::: Material provided :::

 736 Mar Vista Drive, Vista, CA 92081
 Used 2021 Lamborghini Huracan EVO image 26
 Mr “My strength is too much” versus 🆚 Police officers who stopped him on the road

:::
::: Material provided :::

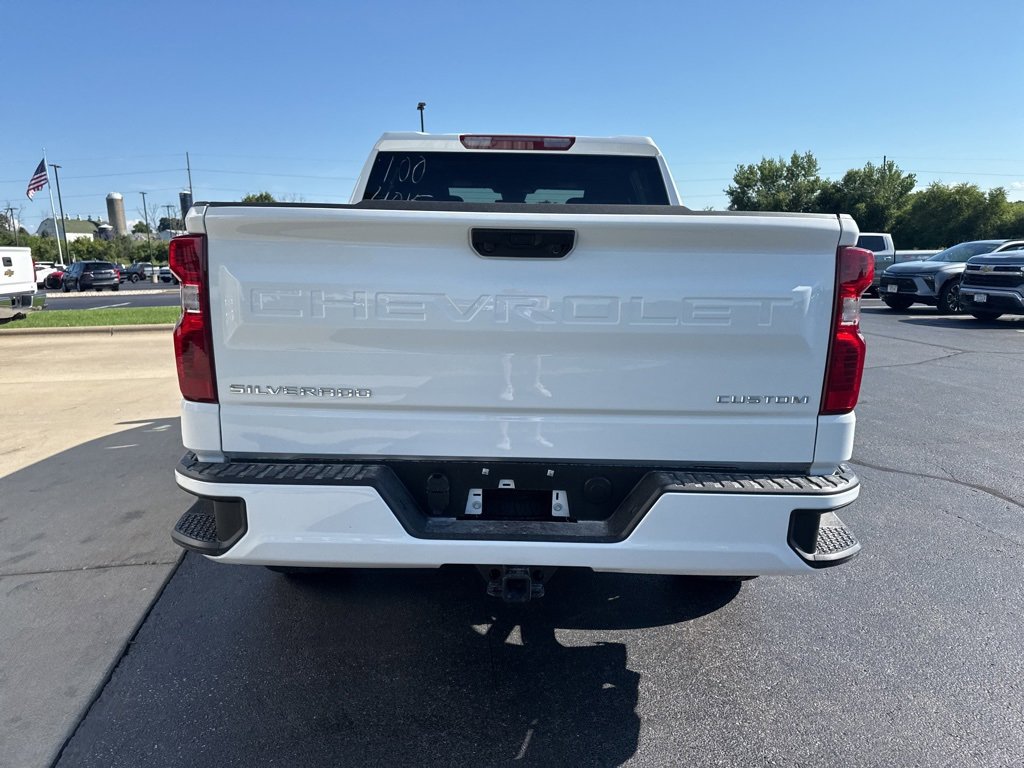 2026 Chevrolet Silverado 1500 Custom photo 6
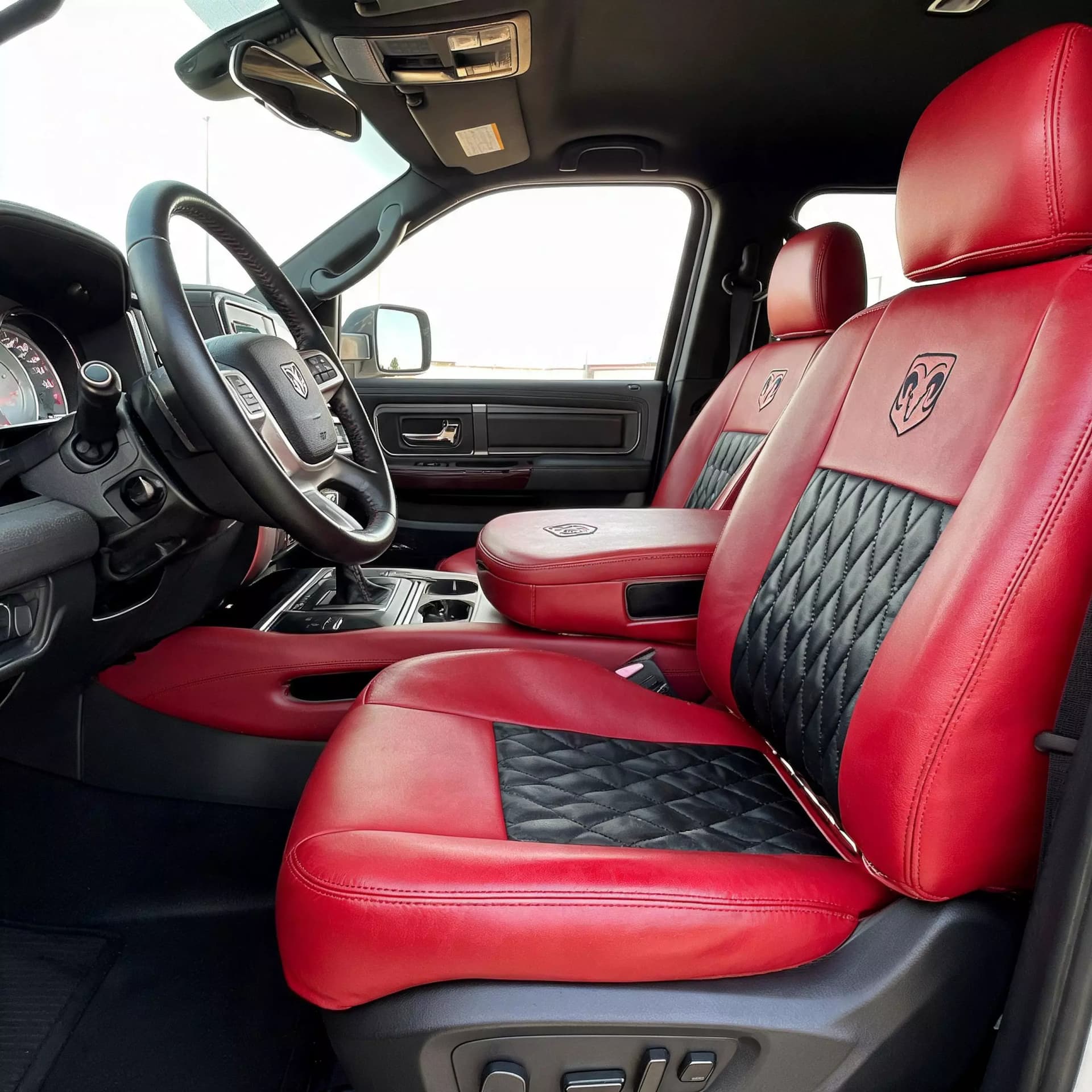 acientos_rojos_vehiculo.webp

:::

*Exercise requirements*
Only the lines from the one containing "736 Mar Vista Drive, Vista, CA 92081" through the one containing "on the road" are to be retyped, both boundary lines included, with no other material.

*Exercise output*
 736 Mar Vista Drive, Vista, CA 92081
 Used 2021 Lamborghini Huracan EVO image 26
 Mr “My strength is too much” versus 🆚 Police officers who stopped him on the road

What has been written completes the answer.